Keywords: Non-technical losses; MDS; cluster; Benford's Law; decision trees

RESUMEN

El estudio de las pérdidas no técnicas que afectan a las empresas comercializadoras de energía ha orientado la mirada de los investigadores hacia diferentes técnicas y herramientas que les permitan detectar y pronosticar dichas pérdidas. En la búsqueda de una solución al problema los diferentes investigadores se apoyan en variables que, en muchos casos, las mismas empresas comercializadoras, desde su experiencia práctica han determinado como incidentes en la identificación del problema. Sin embargo, la mayor parte de los estudios realizados no anteponen a sus soluciones el hecho de que cada empresa comercializadora registra en su conjunto de datos una serie de características, tanto técnicas como socioeconómicas, que no necesariamente comparten entre ellas. En este trabajo se hace seguimiento a algunas de las características registradas por dos empresas comercializadores de energía colombianas, las cuales atienden dos regiones diferentes del país en cuanto a topografía, e idiosincrasia. De manera particular, se centra la atención en dos características medidas en ambas empresas, y que, por su naturaleza, siempre estarán en los datos de cualquier empresa comercializadora de energía, El Consumo en kWh, y el Periodo, medido en meses. Con este propósito se implementarán análisis de curvas Benford, escalamiento multidimensional MDS, y clúster jerárquico, para finalizar estudiando finalmente si la incidencia de las variables visualizada en los estudios planteados se refleja en el modelo de árboles de decisión.

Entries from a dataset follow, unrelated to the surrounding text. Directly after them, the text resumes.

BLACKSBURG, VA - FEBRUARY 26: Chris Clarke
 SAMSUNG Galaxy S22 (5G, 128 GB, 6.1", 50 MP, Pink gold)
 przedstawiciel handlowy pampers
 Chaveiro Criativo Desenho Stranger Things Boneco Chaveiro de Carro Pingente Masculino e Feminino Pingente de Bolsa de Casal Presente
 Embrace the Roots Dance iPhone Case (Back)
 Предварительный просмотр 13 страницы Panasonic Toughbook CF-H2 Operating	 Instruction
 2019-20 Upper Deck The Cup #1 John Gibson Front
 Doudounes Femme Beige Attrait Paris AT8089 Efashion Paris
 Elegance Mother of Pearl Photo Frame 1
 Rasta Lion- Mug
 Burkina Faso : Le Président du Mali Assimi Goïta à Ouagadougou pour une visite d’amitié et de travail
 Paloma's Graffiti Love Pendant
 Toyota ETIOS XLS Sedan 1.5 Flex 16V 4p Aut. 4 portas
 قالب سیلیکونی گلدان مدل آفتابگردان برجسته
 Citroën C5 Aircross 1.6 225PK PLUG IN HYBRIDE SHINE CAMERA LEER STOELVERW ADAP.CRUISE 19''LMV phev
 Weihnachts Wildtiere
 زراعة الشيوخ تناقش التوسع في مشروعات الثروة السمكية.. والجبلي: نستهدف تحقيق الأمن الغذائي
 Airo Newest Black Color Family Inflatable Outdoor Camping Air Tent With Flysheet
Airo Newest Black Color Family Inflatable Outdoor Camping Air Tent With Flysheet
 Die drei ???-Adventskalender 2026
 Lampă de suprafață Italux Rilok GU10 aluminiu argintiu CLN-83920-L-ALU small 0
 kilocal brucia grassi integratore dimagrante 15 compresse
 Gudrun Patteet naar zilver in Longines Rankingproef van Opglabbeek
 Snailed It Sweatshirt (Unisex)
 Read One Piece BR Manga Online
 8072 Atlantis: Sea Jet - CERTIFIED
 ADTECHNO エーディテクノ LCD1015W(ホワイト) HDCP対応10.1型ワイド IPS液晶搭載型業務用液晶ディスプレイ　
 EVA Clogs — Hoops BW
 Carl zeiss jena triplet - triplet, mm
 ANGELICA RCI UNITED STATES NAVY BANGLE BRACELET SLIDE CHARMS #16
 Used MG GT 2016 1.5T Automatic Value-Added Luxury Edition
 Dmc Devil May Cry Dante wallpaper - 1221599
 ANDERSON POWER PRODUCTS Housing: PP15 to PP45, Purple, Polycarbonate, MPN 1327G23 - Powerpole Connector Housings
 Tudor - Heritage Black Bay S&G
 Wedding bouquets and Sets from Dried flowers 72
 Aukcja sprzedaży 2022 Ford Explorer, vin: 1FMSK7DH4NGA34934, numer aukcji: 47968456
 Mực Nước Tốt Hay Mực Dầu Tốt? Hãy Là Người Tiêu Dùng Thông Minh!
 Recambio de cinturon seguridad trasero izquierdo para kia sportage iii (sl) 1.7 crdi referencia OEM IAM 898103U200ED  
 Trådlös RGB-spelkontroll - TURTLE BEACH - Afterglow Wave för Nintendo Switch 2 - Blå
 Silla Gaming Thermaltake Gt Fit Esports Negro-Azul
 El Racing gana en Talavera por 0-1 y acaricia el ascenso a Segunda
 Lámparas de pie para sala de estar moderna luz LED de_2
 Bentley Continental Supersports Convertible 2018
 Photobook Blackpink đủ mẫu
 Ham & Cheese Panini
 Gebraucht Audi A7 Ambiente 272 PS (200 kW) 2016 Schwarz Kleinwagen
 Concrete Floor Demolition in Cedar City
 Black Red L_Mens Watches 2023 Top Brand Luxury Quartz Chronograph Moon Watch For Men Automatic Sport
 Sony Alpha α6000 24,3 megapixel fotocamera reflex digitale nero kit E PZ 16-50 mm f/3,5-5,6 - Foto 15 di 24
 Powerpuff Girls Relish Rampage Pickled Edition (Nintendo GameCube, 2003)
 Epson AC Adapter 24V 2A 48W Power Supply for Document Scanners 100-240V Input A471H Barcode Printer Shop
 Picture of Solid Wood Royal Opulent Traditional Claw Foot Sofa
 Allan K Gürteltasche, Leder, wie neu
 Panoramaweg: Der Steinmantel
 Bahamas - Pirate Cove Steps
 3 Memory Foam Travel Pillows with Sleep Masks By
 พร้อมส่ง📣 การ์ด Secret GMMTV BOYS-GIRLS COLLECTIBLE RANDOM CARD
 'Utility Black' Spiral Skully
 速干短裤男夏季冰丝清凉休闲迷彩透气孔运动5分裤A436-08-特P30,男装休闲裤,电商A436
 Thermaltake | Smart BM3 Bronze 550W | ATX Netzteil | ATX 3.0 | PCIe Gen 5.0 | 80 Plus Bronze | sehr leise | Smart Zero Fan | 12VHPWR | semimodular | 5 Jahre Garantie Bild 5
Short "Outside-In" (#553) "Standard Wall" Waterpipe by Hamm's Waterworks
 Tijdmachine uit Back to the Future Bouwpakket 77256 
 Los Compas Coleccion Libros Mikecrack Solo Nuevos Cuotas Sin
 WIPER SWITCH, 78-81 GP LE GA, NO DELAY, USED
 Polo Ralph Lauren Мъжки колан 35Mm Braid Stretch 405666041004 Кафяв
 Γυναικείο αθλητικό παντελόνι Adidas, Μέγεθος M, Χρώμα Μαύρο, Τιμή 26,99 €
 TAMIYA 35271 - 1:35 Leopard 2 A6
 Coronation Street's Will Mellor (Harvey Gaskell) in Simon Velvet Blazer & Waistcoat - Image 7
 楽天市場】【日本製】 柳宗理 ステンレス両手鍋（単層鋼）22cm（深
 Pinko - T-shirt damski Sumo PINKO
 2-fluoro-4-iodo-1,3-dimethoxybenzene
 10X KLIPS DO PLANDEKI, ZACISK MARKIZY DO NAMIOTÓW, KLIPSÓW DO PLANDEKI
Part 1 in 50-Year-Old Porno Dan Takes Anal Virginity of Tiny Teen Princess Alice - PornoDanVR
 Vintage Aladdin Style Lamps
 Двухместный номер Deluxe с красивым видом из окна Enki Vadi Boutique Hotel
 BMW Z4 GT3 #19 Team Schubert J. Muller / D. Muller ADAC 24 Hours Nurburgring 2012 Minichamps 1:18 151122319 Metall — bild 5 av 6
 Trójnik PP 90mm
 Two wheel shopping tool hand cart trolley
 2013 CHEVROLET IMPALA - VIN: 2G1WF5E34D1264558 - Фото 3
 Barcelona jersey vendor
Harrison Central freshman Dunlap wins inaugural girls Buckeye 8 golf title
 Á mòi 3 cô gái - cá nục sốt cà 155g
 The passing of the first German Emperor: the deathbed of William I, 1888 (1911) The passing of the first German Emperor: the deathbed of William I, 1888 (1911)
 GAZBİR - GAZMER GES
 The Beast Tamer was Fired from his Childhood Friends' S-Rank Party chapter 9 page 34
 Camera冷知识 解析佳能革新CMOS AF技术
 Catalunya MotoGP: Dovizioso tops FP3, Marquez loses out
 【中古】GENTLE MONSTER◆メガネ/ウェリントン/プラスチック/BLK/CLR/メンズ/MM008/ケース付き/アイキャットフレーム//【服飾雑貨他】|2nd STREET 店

Palabras clave: Pérdidas no-técnicas; MDS; clúster; Ley de Benford; árboles de decisión

1. Introduction

The loss of power is a serious problem that affects both the distribution companies and the transmission and marketing of energy. However, the economy of the trading companies is mainly affected by this fact, since in their distributions the networks suffer by technical losses as well as by non-technical losses, the two kinds of losses that affect an electrical system.

In general, in the electric sector, technical losses are understood to be caused by physical effects, for example the Joule effect, that is to say, by the physical properties of the components of the power system, as happens with the power dissipated in the transmission lines [1], and [2]. On the other hand, non-technical losses are those that are generated by the intervention of the electrical connection or of the electric meter [3-6], or when failures occur in operating systems that are not detected in a timely manner, as well as errors in meter readings and billing.

As the nature of the loss problems is different, they are commonly treated independently. Technical losses, due to a response to a physical phenomenon, can be predicted with a low error rate and can be reduced by improving facilities [1]. However, it does not occur with non-technical losses. The human nature of the problem, the economic conditions that are not easy to observe and control, and their variability make the detection of this type of loss not so immediate, a problem to solve [7].

In [8] a definition of fraud was presented, from which five features are associated with this phenomenon. Three of them clearly show the complexity of the problem. The first of these characteristics speaks of having a not very frequent phenomenon, which leads to the treatment of unbalanced data sets such as those studied by Glauner [3]. The second describes the phenomenon of fraud as a situation that is hidden in such a way that it is not very perceptible, and the third indicates that fraud techniques evolve over time, that is, we have a dynamic problem [8].

In general, for the trading company, both technical and non-technical losses are energy quantities that are being distributed and not being billed, affecting the company's economy. Non-technical losses are an important variable in the impairment of the economy of a country, producing loss profits, stability in the power network and environmental damage [4].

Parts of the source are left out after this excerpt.